Prints and Drawings Room
View by appointment- Artist
- A.R. Penck (Ralf Winkler) 1939 – 2017
- Part of
- Expedition to the Holy Land
- Medium
- Engraving on paper
- Dimensions
- Image: 645 × 934 mm
- Collection
- Tate
- Acquisition
- Purchased 1984
- Reference
- P77020
Catalogue entry
This catalogue entry discusses a group of works; details of the individual work are given at the end of the introductory text.
A.R. Penck
born 1939
P77019 - P77022 Expedition to the Holy Land
1984
Four prints from a portfolio of 15 prints on Arches paper, each sheet 750 x 1062 (29 1/2 x 41 13/16); watermark ‘ARCHES' b.r.; printed at Burston Graphic Centre, Jerusalem and published by Joshua Gessel in an edition of 50
Each inscribed ‘a.r. penck' below image b.r. and ‘10/50' below image b.l.
Purchased from Edward Totah Gallery (Grant-in-Aid) 1984
Lit:
Siegfried Gohr, ‘A.R. Penck: Expedition to the Holy Land ...', Flash Art, no.114 Nov. 1983, pp.56-58
Penck visited parts of Israel and its occupied territories in January 1983 as a guest of the publisher and collector Joshua Gessel. Gessel had initially invited several European artists to undertake a project involving travel and creative work and Penck was the only artist amongst those approached who eventually accepted the proposal. The tour was extensive and eventful, embracing the Lebanese, Syrian, Jordanian and Egyptian de facto borders, as well as the Golan Heights, Nazareth, the West Bank, Bethlehem, Akko, Arad, Tiberius, the Degania Kibbutz, the Dead Sea, Eilat and Tel Aviv. Following this journey, the artist spent a four week period working at the Burston Graphic Centre on a portfolio of prints which, according to the artist, ‘was to offer a kind of artistic resumé and comment on what I had seen and experienced' (Gohr 1983, p.56).

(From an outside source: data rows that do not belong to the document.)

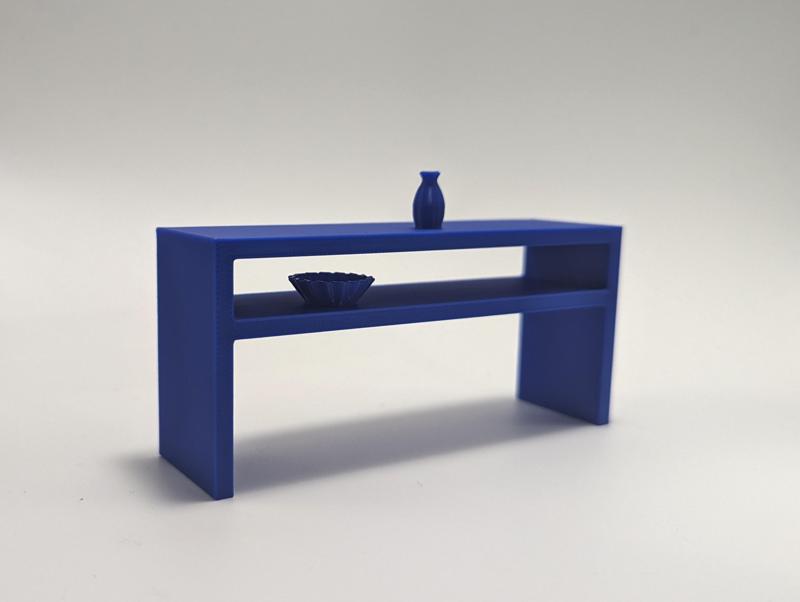 Side Table with Vase and Bowl 1:12 Scale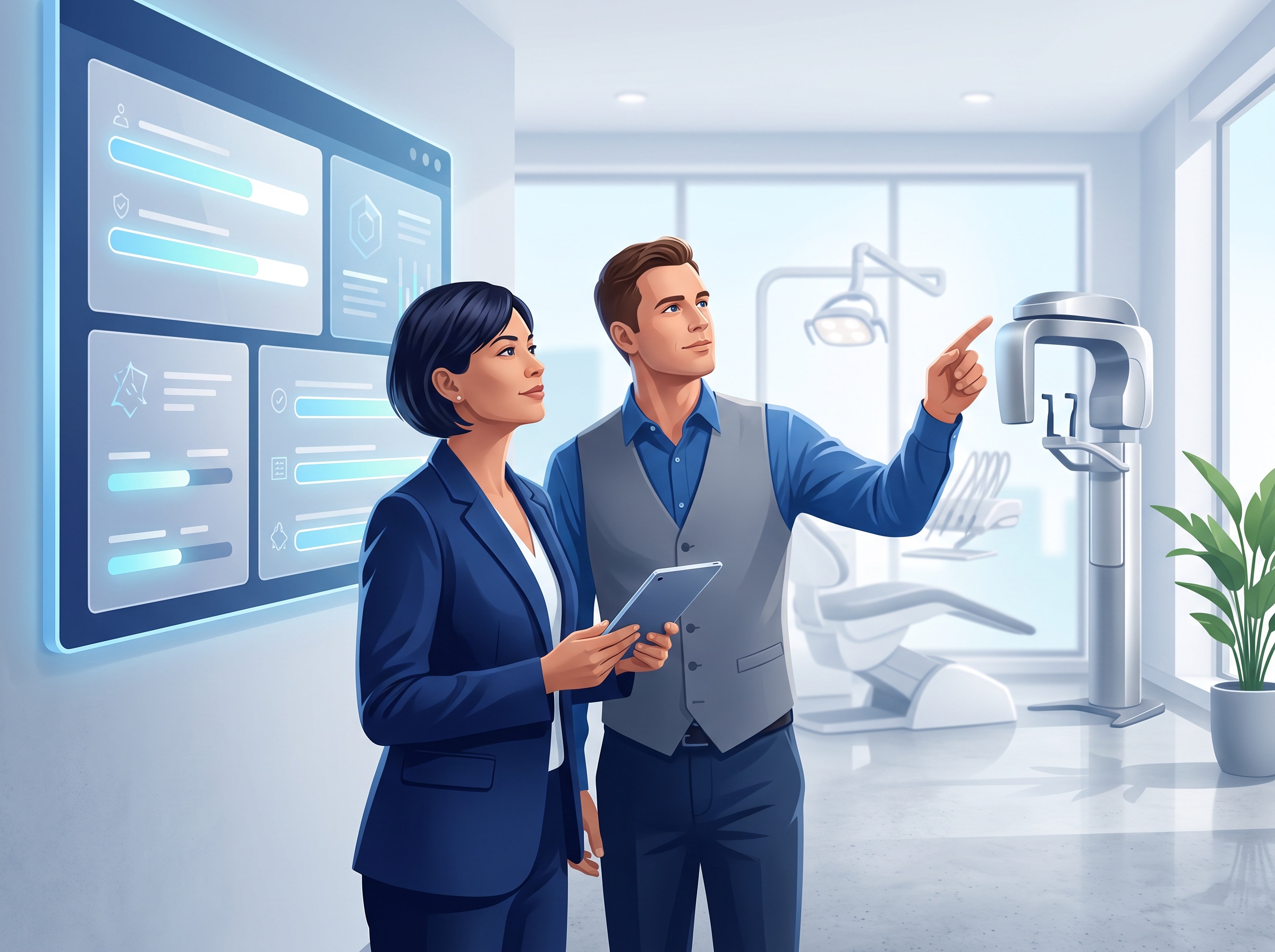 A dental practice owner and IT specialist reviewing a calm system-health dashboard in a modern office with imaging equipment in the background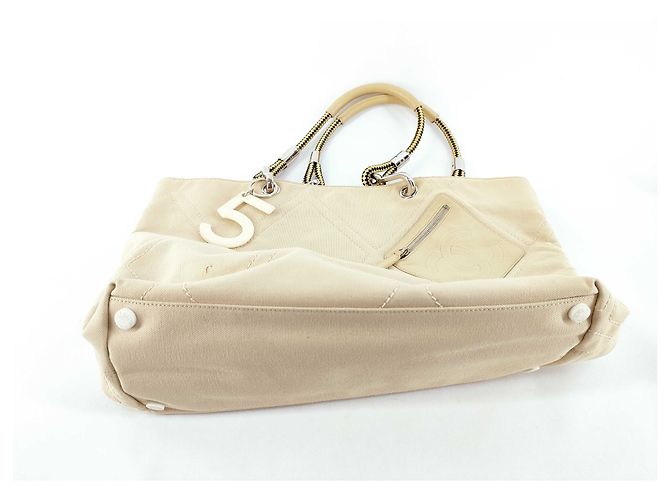 Chanel Vintage No. 5 Canvas Beige - vista 2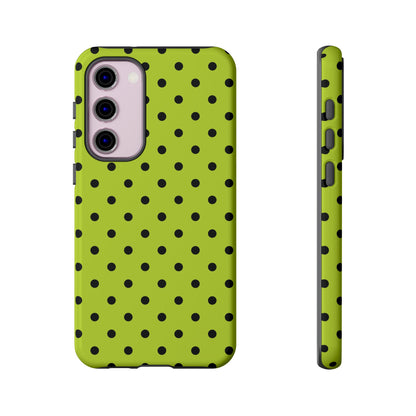 Samsung Galaxy S23 Plus / Glossy Phone Case - Trendy Neon Lime Green & Black Dot Pattern Phone Case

The portfolio ‘Expedition to the Holy Land' comprises 15 prints in all, three each in the following techniques: drypoint engraving, black and white lithography, colour lithography, aquatint etching and screenprinting. All the prints conform to a similar rectangular format. This was deliberate:
These rectangles have appeared in my work since 1977. The beginning was very strange. There were photographs of my first big show abroad in Bern in 1975, that were distorted because they had been shot using a wide-angle lens and the squares had become rectangles. Suddenly I noticed that a whole new tension entered the work. ... I imagined something like a travel prospectus ... landscapes are wide. The images are more or less presentations of events, my impressions of Israel, and so I found the wide format quite suitable (Gohr 1983, pp.56-7).
The various techniques used allowed Penck to approach the experience of his visit in a number of different ways. For example, the screenprints deal with Israel's political situation as it stood while Penck was there. The colour lithographs concentrate on the landscape itself and its geological structure, while the black and white lithographs, in contrast, reveal Penck's personal reactions to works of sculpture that interested him on this visit. The aquatint etchings are more abstract, exploring black and white contrasts and personal symbolism and, finally, the drypoint engravings are, in essence, travel sketches, crowded with detail and often presenting several layers of narrative imagery in various scales.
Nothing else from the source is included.